Figure 4. Schematic illustration of the proposed anti-inflammatory mechanism of the ointment base for Ya-Samarn-Phlae tulle-gras dressings (YaSP) in carrageenan-induced paw edema in rats. Carrageenan induces inflammation by activating the NF-κB signaling pathway, which triggers the production of inflammatory mediators (TNF-α, IL-1β, iNOS, COX-2). Additionally, activated mast cells release histamine, leading to vascular changes and leukocyte recruitment. Leukocytes contribute to inflammation by releasing MPO, nitric oxide, and reactive oxygen species, resulting in lipid peroxidation (increased MDA) and prostaglandin E2 (PGE2) production. Treatment with YaSP effectively suppresses inflammation by inhibiting critical inflammatory enzymes and mediators (MPO, NO, MDA, PGE2, iNOS, COX-2, TNF-α, IL-1β).
3.3 Topical application of YaSP significantly accelerates the healing of non-diabetic wounds by enhancing their proliferation and remodeling phases, as indicated by the changing levels of TGF-β1, VEGF, collagen I, and collagen III
YaSP significantly enhanced wound closure rates in non-diabetic Wistar rats.

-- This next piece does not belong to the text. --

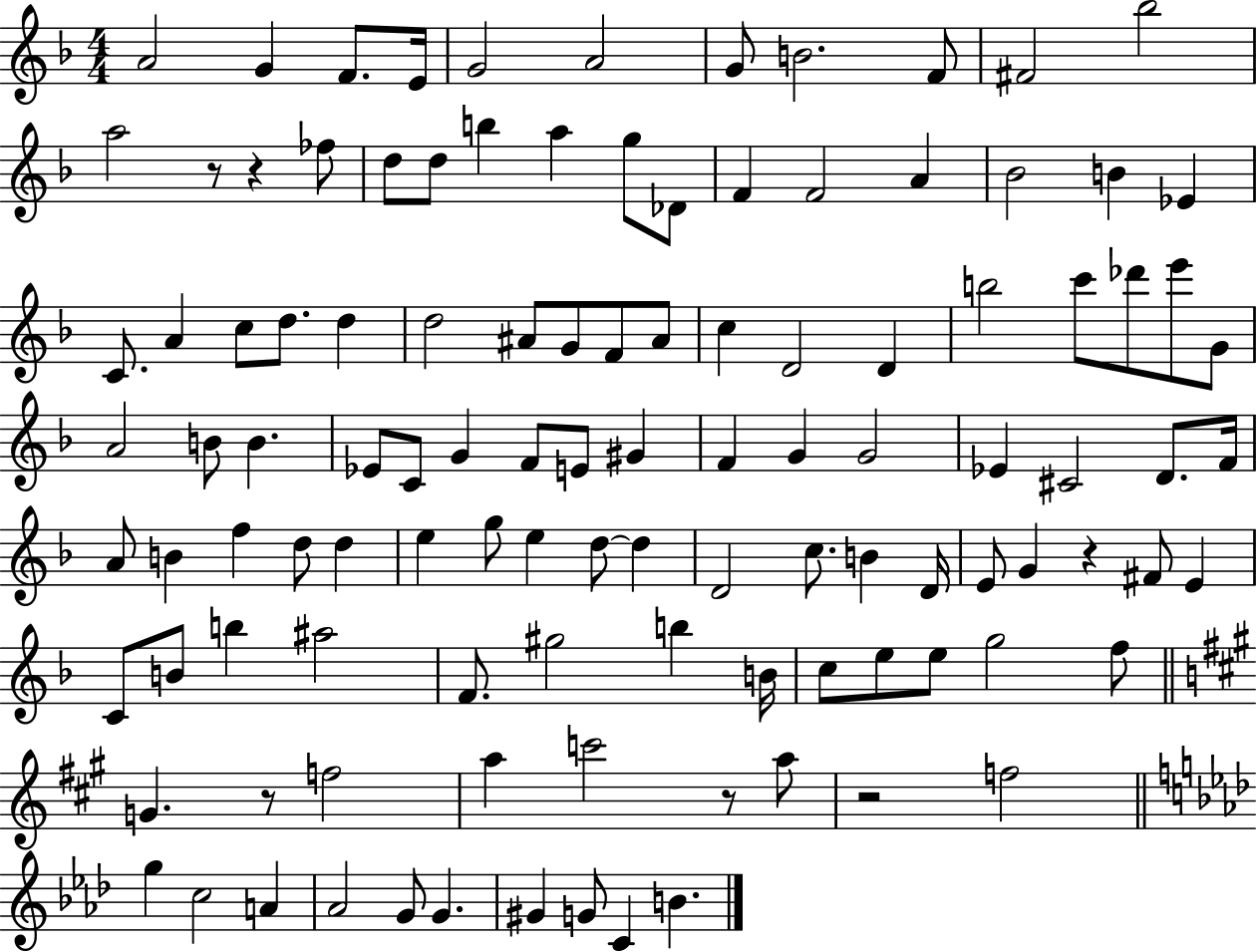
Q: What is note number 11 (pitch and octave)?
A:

By day 7, YaSP-treated wounds exhibited a reduction in wound area of 64% compared to the vehicle group, achieving over 90% closure by day 11. The average wound area in the vehicle-treated group diminished from 27.63 ± 0.36 mm2 on day 3–16.66 ± 1.27 mm2 on day 7 and to 2.91 ± 0.39 mm2 by day 11. In comparison, the group treated with YaSP exhibited a more pronounced decrease in wound area from 24.37 ± 0.63 mm2 on day 3–8.66 ± 0.62 mm2 on day 7, culminating in a minimal 0.10 ± 0.04 mm2 by day 11. These results were found to be in line with those of the positive control, where the average wound area shrank from 25.56 ± 0.85 mm2 on day 3–9.45 ± 0.86 mm2 on day 7, and further to 0.07 ± 0.03 mm2 by day 11. These results were comparable to those observed in the positive control group treated with Solcoseryl® ointment (Figure 5).

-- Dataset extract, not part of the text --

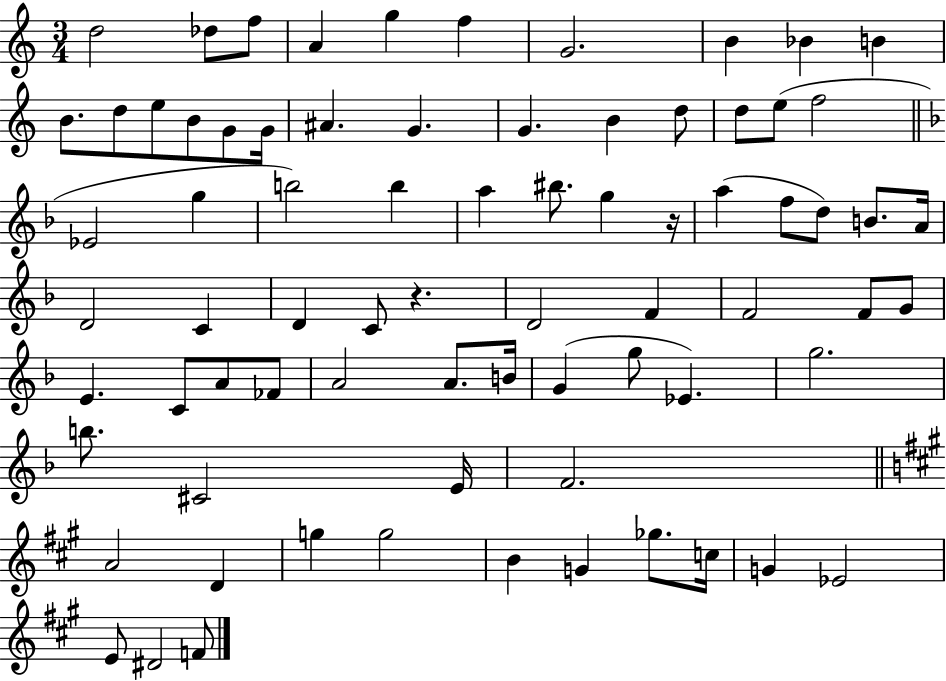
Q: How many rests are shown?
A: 2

Figure 5. Representative macrophotographs of wounds (A), wound areas (B), and percentage of wound closure (C) of non-diabetic wounds in Wistar rats, measured on the operation day (day 0) and on days 3, 5, 7, 9 and 11 after daily treatment with vehicle (I), Solcoseryl® ointment (a positive control; II), or the ointment base for Ya-Samarn-Phlae tulle-gras dressings (YaSP; III). The results represent the mean ± SEM of 9–10 animals per group. *p < 0.05 vs. the control. (a–c) Values on the same days followed by a different letter differ significantly (p < 0.05).

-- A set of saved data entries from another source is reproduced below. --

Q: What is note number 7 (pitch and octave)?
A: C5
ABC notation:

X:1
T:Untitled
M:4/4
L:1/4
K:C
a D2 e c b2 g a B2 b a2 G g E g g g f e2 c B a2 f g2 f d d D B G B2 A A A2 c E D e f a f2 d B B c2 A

YaSP treatment significantly increased levels of collagen type III during the proliferation phase (day 7), followed by a substantial rise in collagen type I during the remodeling phase (day 11) (Table 3). These changes were validated by Masson’s trichrome staining, which showed greater collagen density and thickness in YaSP-treated wounds compared to controls (Figure 6). VEGF and TGF-β1 levels were significantly elevated in YaSP-treated wounds, indicating enhanced angiogenesis and granulation tissue formation (Table 3). Histological sections confirmed increased fibroblast activity and neovascularization in the YaSP group compared to the vehicle group (Figure 7).
Table 3. The levels of transforming growth factor β 1 (TGF-β1), vascular endothelial growth factor (VEGF), collagen type I, and collagen type III in non-diabetic wounds after being treated with ointment base for Ya-Samarn-Phlae tulle-gras dressings (YaSP).
Figure 6. Histological examination of hematoxylin-eosin (HE) stained non-diabetic wound tissues treated with the ointment base for Ya-Samarn-Phlae tulle-gras dressings (YaSP; (A), Solcoseryl® ointment [reference product; (B)], vehicle (C), along with normal tissue (D) on the seventh (left panel) and 11th days (right panel). The white arrows, black arrows, and arrowheads indicate the amounts of collagen, fibroblasts, and small numbers of inflammatory cells, respectively. (Magnification ×40; scale bars: 100 µm).
Figure 7. Histological examination of Masson’s trichrome stained tissues from non-diabetic wounds treated with the ointment base for Ya-Samarn-Phlae tulle-gras dressings (YaSP; (A), a vehicle (B), and Solcoseryl® ointment (a reference product; (C), along with normal tissue (D) on the seventh (left panel) and 11th days (right panel). The dark blue area indicates the amount of collagen. (Magnification ×40; scale bars: 100 µm).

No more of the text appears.